Columns, Opinion

TAMOLA: About Weight Watchers

You know those Pinterest quote boards or your sorority sisters or whatever who talk about loving wildly and doing everything to the extreme and living in the moment and all. You know, that stuff.

That’s kind of how I am with food.

I love food. I try to tell myself whenever I am out at a restaurant, that in an hour or so I’ll be done with the meal anyway so I should get a salad, but then I can only think of that moment and go NAH GONNA GET A FRIED EGG BURGER, but good effort, brain.

My mom knows me very well. When she found out that I would be working at a frozen yogurt store, she said, “Katie…don’t eat the yogurt.”

I responded with, “……….” This is my typical response for situations that entail me knowing, but not willing to acknowledge, that I am a mess.

Carolanne knows. She just knows.

Anyway, I, like most of the customers I encounter, walked on in and thought frozen yogurt. It’s not ice cream. It’s made with skim milk, which is basically kale. Calcium builds strong bones. So I’m basically a healthy tiger. Tigers are apparently my animal standard for health. I’m making such good choices for my body!

No. No. No. Absolutely not. Not again. Bye.

Let me explain. So to reverberate, many people come into my job and talk to me about how the yogurt is a great alternative to ice cream. This I can definitely agree with.

However, last year at my job, they also hired me as the in-shop baker. Tasks included baking mochi (A Japanese rice cake), two different kinds of granola, cream cheese brownies, cheesecake, pumpkin cheesecake, among other things. So you know, I was also eating massive amounts of the cheesecake every day, five to seven times a week.

I don’t even like cheesecake. Alas, a wise man (probably my dad who heard it from another dad because this is such a dad thing to say) once said—if it’s free, it’s for me! I have that company in, that fast track to the diabetes. I continued to do this for a semester or so and didn’t realize that I gained 20 pounds until I went home and my mom as delicately as possible was like, “………..” when I asked her if I looked like I gained weight. This is the kind of situation that makes me feel like parenting is cringe-worthy. My poor mother.

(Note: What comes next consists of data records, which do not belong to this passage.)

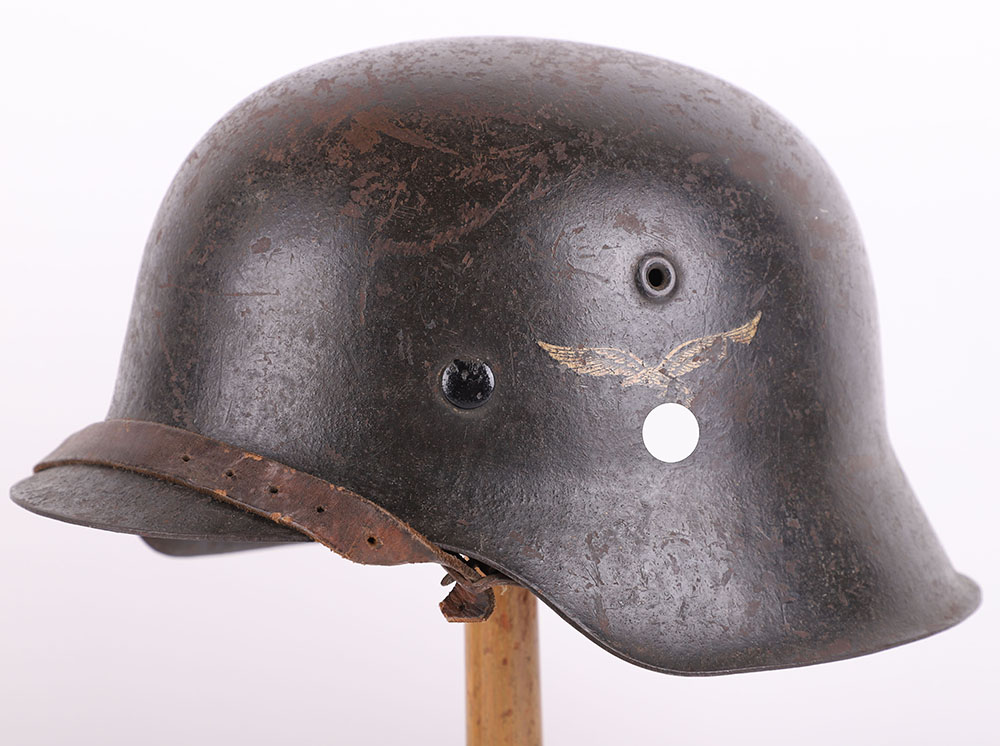 #282 – WWII GERMAN LUFTWAFFE M-42 STEEL COMBAT HELMET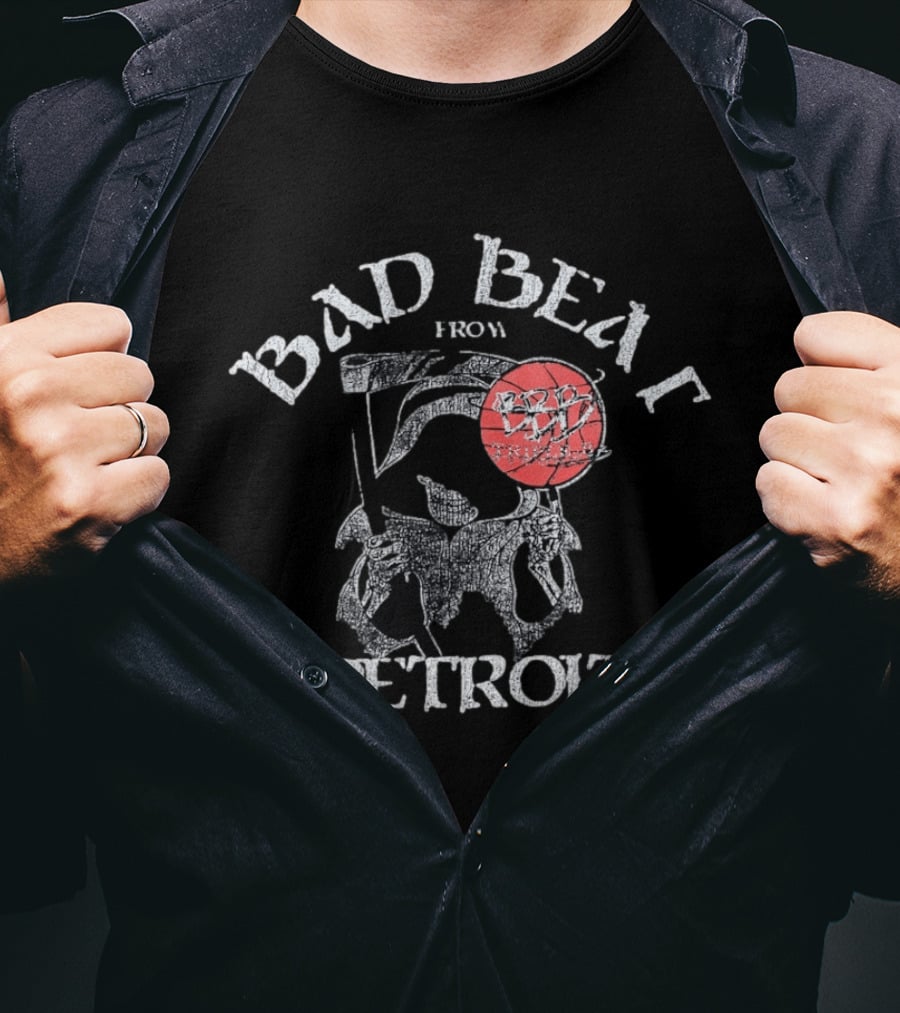 Bad Beat Detroit Grim Reaper Basketball Skeleton Holding Red Ball T-Shirt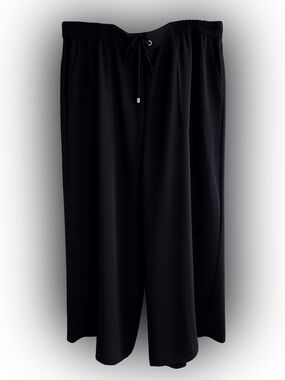 Michael Kors Pants Size 3x Black Crinkle Crop Wide Leg Pull On Drawstring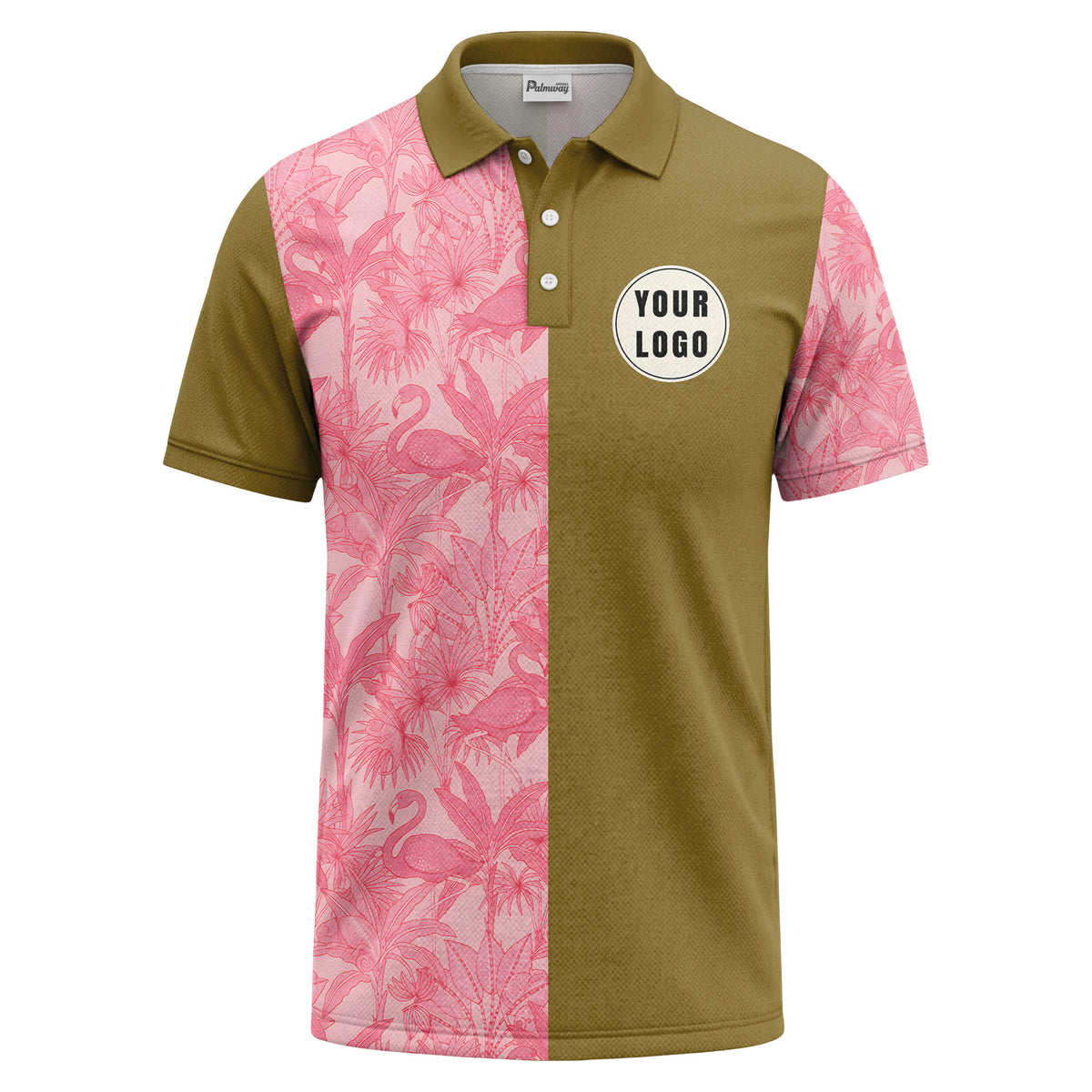 pink flamingo & tropical leaves patterned hawaiian shirt polo shirt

So then I joined Weight Watchers. What a riveting experience. As a 22-year-old, I felt this weird stigma/shame for being on such a serious diet. Also, the U.S. News & World Report Number One Plan for Weight Loss breaks the bank. A three-month commitment was like $60 and then they email you about 17 times a day if you don’t renew your subscription. The experiences I’ll hold closest to my heart would probably be those that involve my “point-tracker” app passive-aggressively yelling at me whenever I didn’t reach a weight loss goal.

This message pops up on your screen:

“Oh…looks like you gained some weight.”

Are. You. Kidding. You sound like a disappointed grandma. Just give it to me straight, Brenda. Tell me to stop eating cheesecake or to offset it with a string bean or two. Damn.

I no longer am doing the whole Weight Watchers extravaganza because I just am not able to commit. It was great though. Shout out to all you fly humans doing Weight Watchers. I hope you save up all your activity points and treat yourself to several shots of tequila.

With diabetes affecting 29.1 million Americans and also being the seventh leading cause of death in this country, according to the American Diabetes Association, there are many reasons why I and others should make more of an effort to be healthy.

However, nothing is more annoying than listening to other people telling you that you have to be healthy. I think we all know that we shouldn’t binge-drink, binge-eat, binge-text, really binge anything. Sometimes people do these things anyway. I know I do.

I’m hoping I’ll figure a dietary balance out one day and replace my cheesecake snacking with some celery or something.

All in all, I’m really banking on one of my super smart classmates from grade school to invent a magical science top hat that makes me have the cardiovascular system of an Olympian and/or look like Heidi Klum. Hopefully by 2027, as I won’t be young forever. Weight Watchers could even rule the world by then.